Improving accuracy in genomic mapping with time-series data
If you already have the sequenced map of an organism's genome but want to look for structural oddities in a sample, you can check the genomic barcode—a series of distances between known, targeted sites—by cutting a DNA sequence at those sites and examining the distance between the cuts. However, if the original map—obtained through next-generation sequencing involving PCR—contains any amplification biases, there is room for systematic error across studies.

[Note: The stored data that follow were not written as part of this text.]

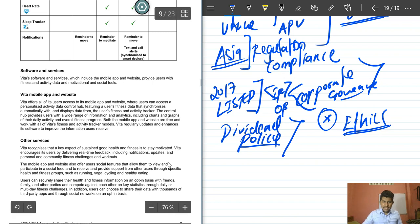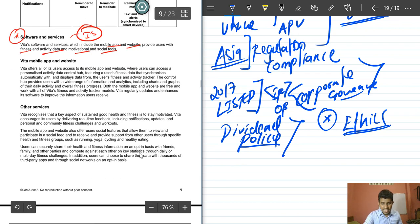Vita's software and services include mobile apps and a website providing users with fitness data, activity synchronization, motivation tools, and social features. Users access a personalized activity data control hub displaying charts, graphs, and daily activity progress. Both the mobile app and website are free and work with all Vita tracker models. Vita regularly updates and enhances the software, and software update risk — including the need for pilot studies before deployment — should be carefully considered.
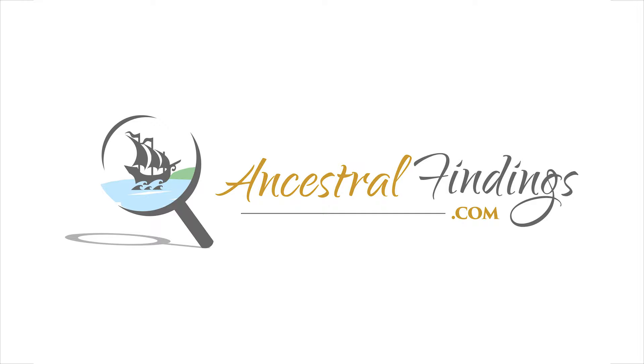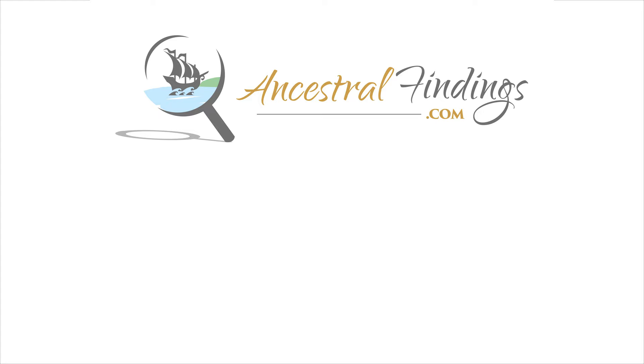Thanks for listening to the Ancestral Findings Podcast. Looking for free resources to help you in your genealogy research? Visit ancestralfindings.com for that helpful information. Happy searching!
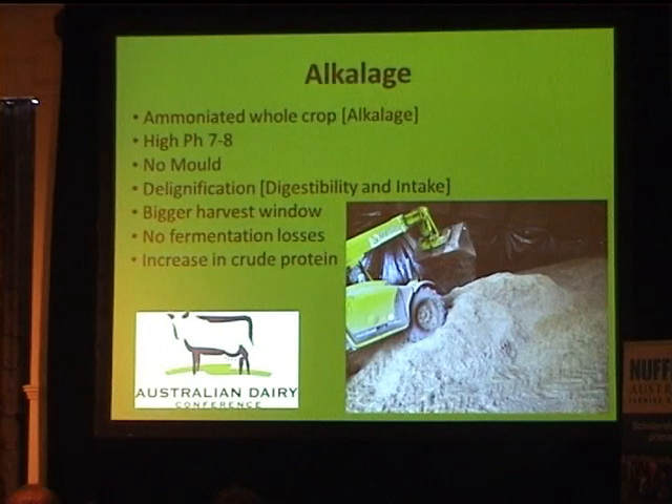This led me to alkalage, which they're making in Yorkshire. Basically they're adding an ammonia pellet — the product 'Home and Dry', made from urease and soybean meal — to an ammoniated whole crop. The crop is harvested at full maturity anywhere between 30% and 18% moisture, mixed with the pellet, and sealed. The whole crop is ammoniated, giving a very high pH — most coming out above eight, with a target of seven to eight.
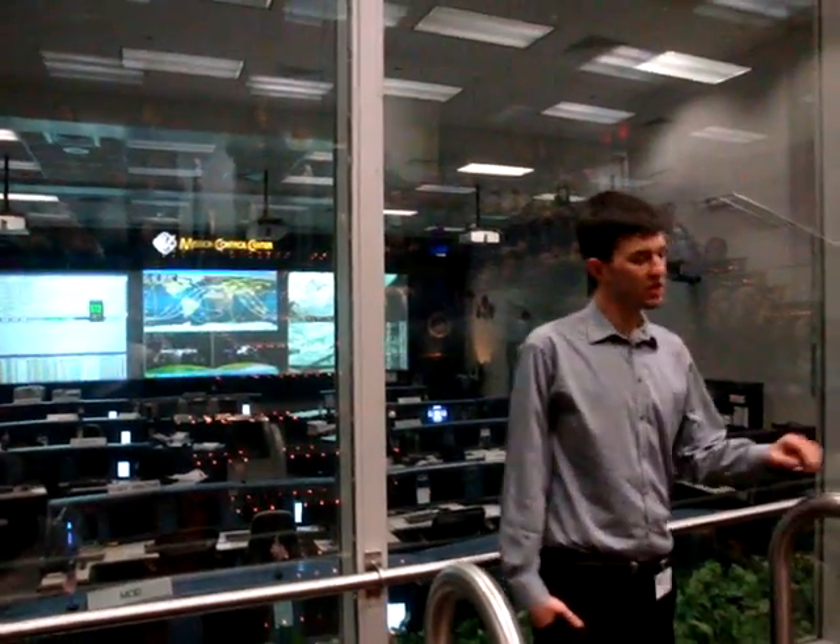Mission Control Center. The building that you're in and the room that you're looking at are two very special places here at JSC. This is where, since 1965, all of NASA's manned spaceflight missions have been controlled.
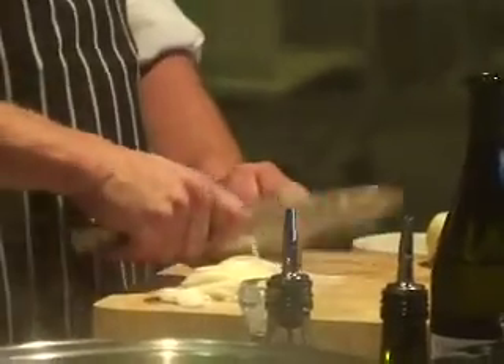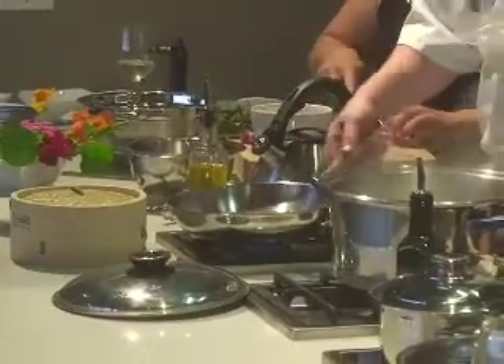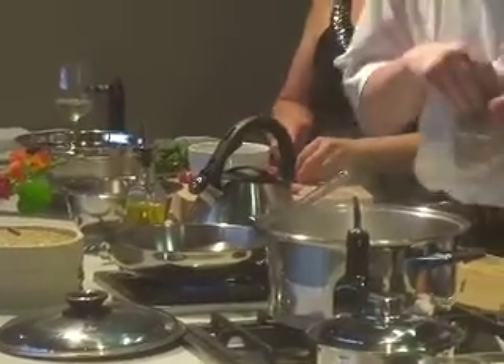Without the right gear, without the right equipment, you're not hiding to nothing. That's the beauty of Meyer's Kitchen — they're offering really cool products. It makes cooking fun. It makes it easier.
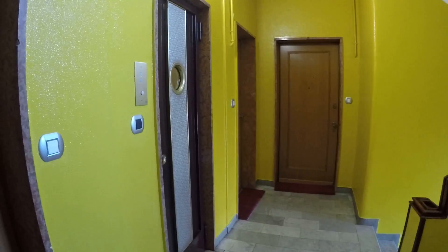We have the elevator. We are at the 7th floor, so it's a really silent apartment, except for the door.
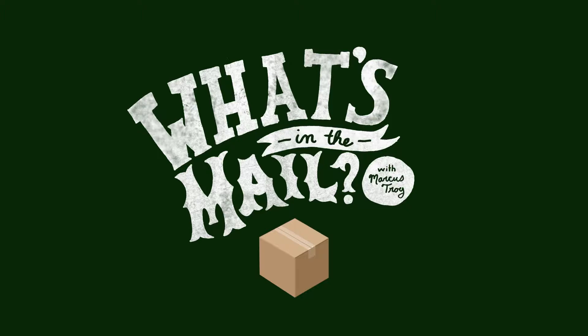Welcome to What's in the Mail with Marcus Troy. Are we live? These are the new Florsheim shoes that just came in the mail. You guys know the episode.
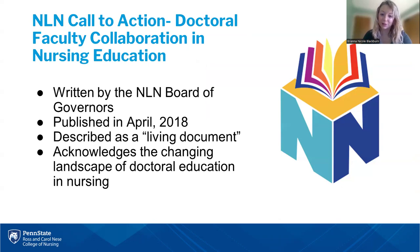I'm going to give a little background on what has driven Abby and my interest in PhD and DNP collaboration in the academic setting. A lot of it can be summarized in this NLN call to action from April 2018, titled 'Doctoral Faculty Collaboration and Nursing Education.' I've been a member of the NLN for a while, even prior to my employment at Penn State. I didn't know this document existed until about two years ago. What I like is that it is a living document — constantly being updated — and it really acknowledges the changing landscape of doctoral education in nursing.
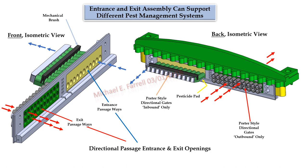The entrance and exit assembly can support different pest management systems. This unique entry assembly could support chemical, mechanical, and other potential future pest management systems. Porter-style gates would provide for entry only on the front right side and exit only on the front left side. This sub-assembly would be easily and quickly removed from the front of the hive with minimal hive intrusion. Different styles having potentially different numbers of ports could be inserted or removed. One-way passage in blue for entrance and red for exit, supported through the use of porter-style gates, offers many opportunities for colony management.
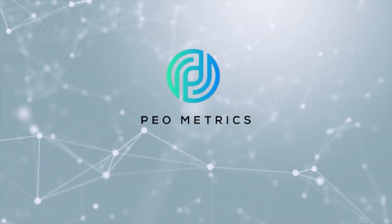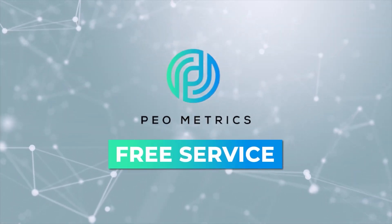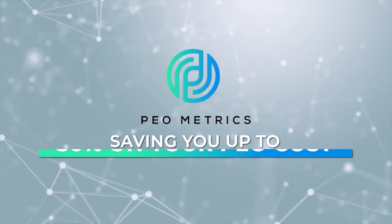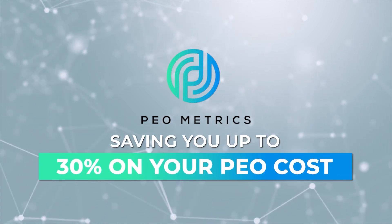Hey everyone, Chris here with PEOmetrics. PEOmetrics is a free service which quickly compares the top five to eight PEOs for your business, saving you up to 30% on your PEO costs. When we compare, you save.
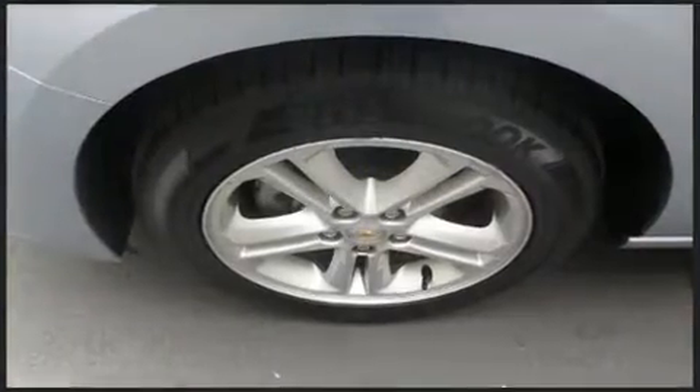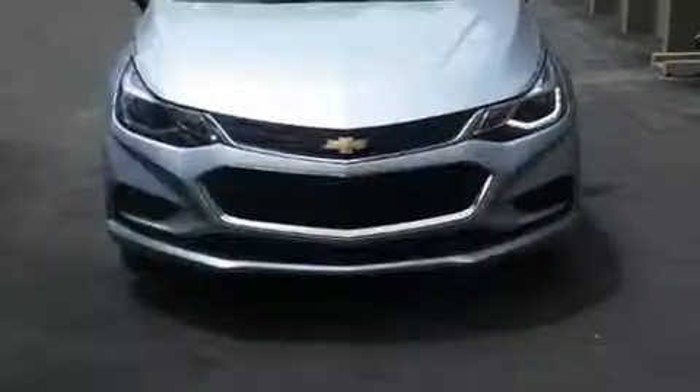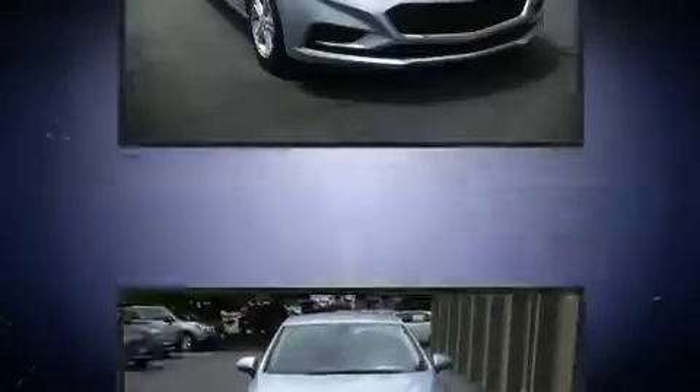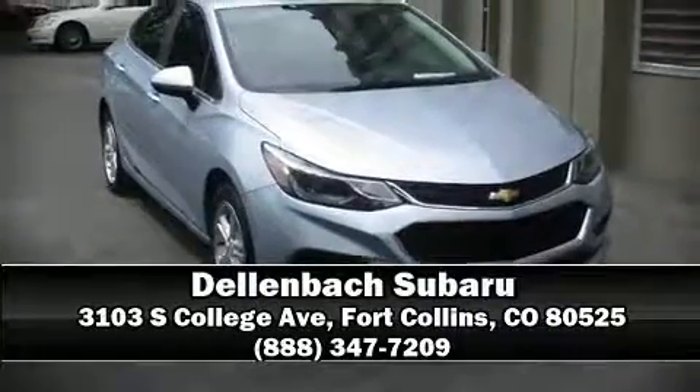A Carfax history report indicates just one previous owner. Our team is professional and we offer a no-pressure environment. Call now to schedule a test drive.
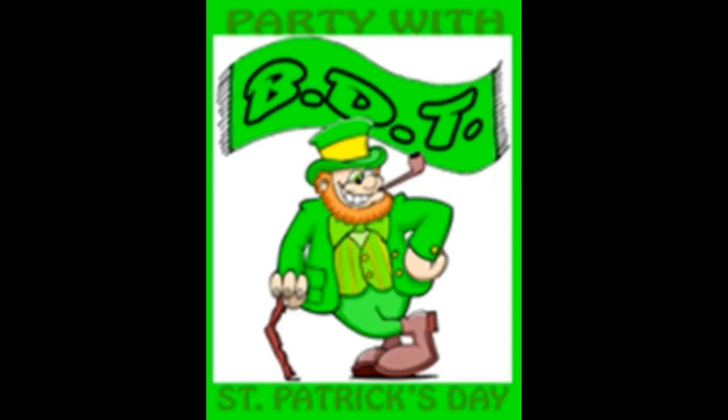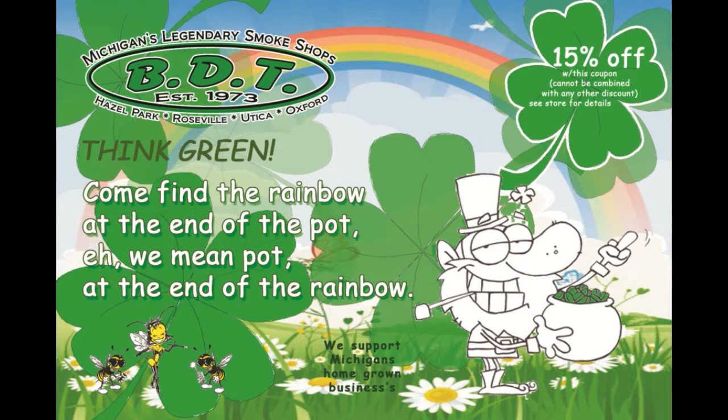Hey, over there. Yeah, you guys. Hey buddy, you look a little lost and out of it. Yeah, I'm looking for the rainbow at the end of my pot.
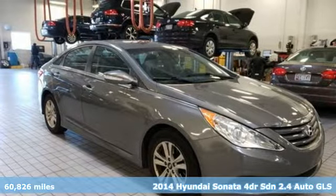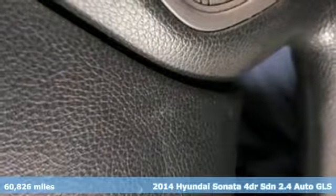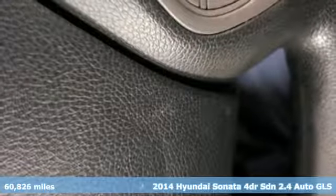Here's a 2014 Hyundai Sonata. Hyundai's attention to detail means a better driving experience for you. It's equipped for all your driving needs and wants.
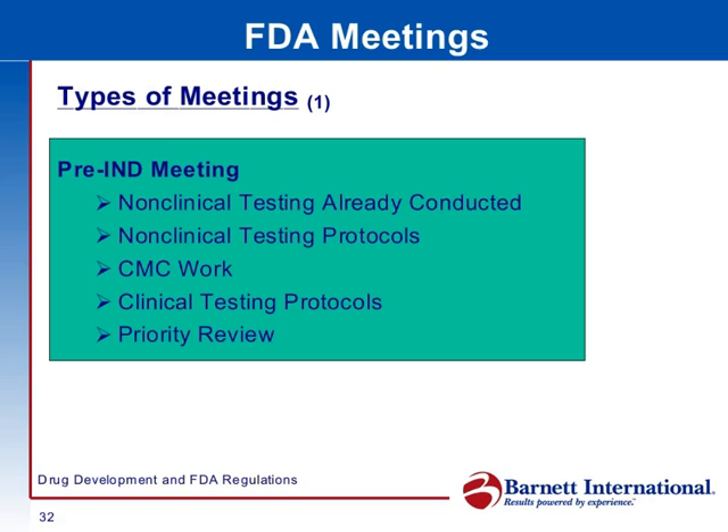CMC stands for Chemistry Manufacturing Controls — how you make and test the active ingredient, how you make and test the final product, and the characterization of the active. The CMC work covers how you make and test these things.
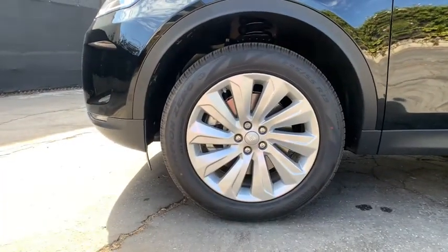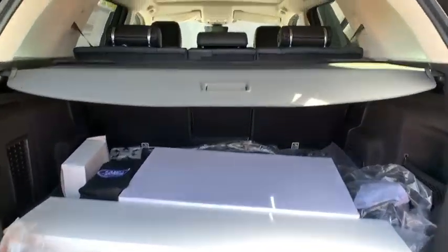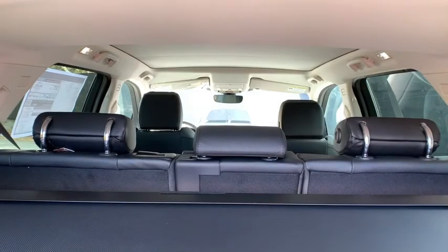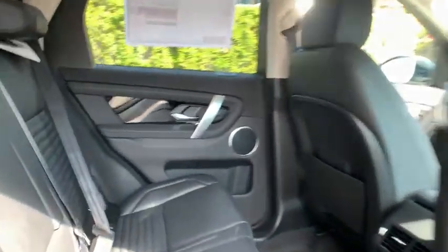Anti-lock braking system, leather-wrapped steering wheel, Bluetooth, adjustable steering wheel, power steering, four-wheel drive, four-wheel disc brakes, aluminum wheels, keyless start, and auto-dimming rear-view mirror.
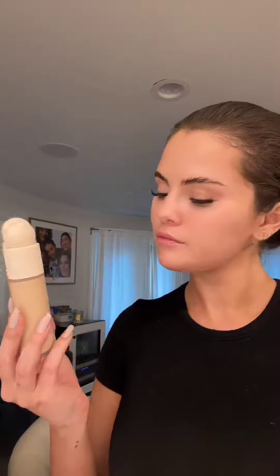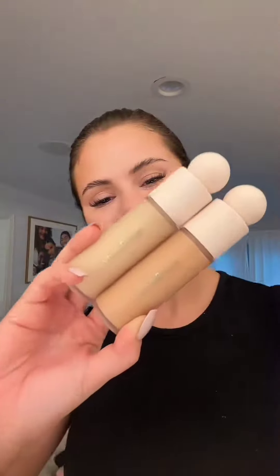I broke my hand. I tripped. And I'm going for a more full coverage because I'm going out to dinner with friends. So I'm using my foundation, not my tinted moisturizer, which I usually use. And that just kind of gives me a bit more coverage.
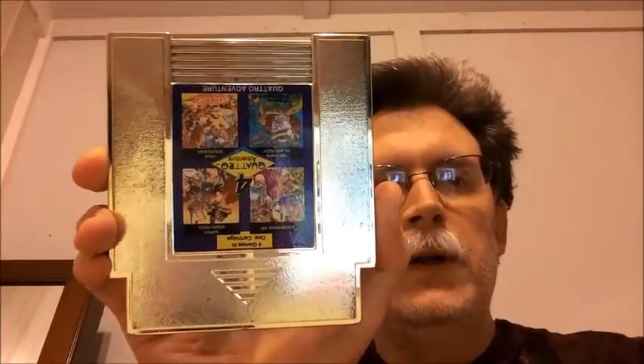Next, I picked up three NES games. First, we've got the Quattro Adventure 4-in-1. It's got Boomerang Kid, Super Robin Hood, Treasure Island Dizzy, and Linus Spacehead. Another pretty uncommon game.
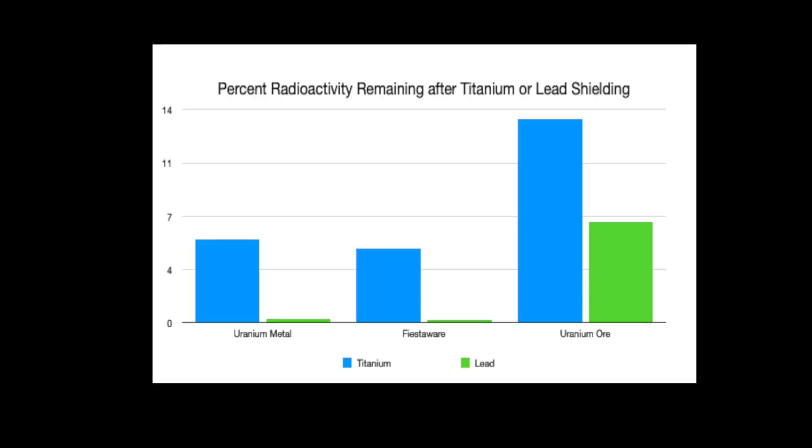Here you can see the effects of the titanium and lead shielding. You can clearly see a similar pattern for the uranium metal and Fiesta Ware. About 5% of the radiation came through the titanium shielding and less than 1% came through the lead shielding.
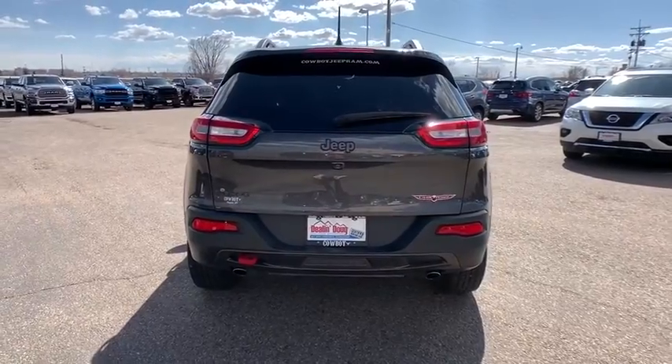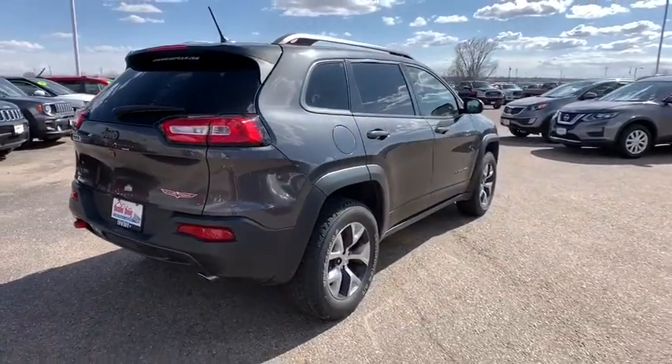This vehicle has less than 60,000 miles. Here are some of this vehicle's great options.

To remedy this, researchers at the University of Minnesota and BioNano Genomics have improved a nanochannel-based form of mapping by using dynamic time-series data to measure the probability distribution, or how much genetic material separates two labels, based on whether the strands are stretched or compressed.
"Imagine that two labels on the DNA backbone are connected together by a spring that models the configurational entropy of the DNA between them," said Kevin Dorfman, a professor in the University of Minnesota's College of Science & Engineering. "If this was a harmonic spring ... then we would expect to see an equal probability of positive and negative displacements about the rest of the length of the spring."
Rather than this normal curve, however, Dorfman and his colleagues observed greater compression than extension between the labels, and found that the the majority of thermal fluctuations between the labels are short-lived events - information that could help improve the accuracy of genome mapping.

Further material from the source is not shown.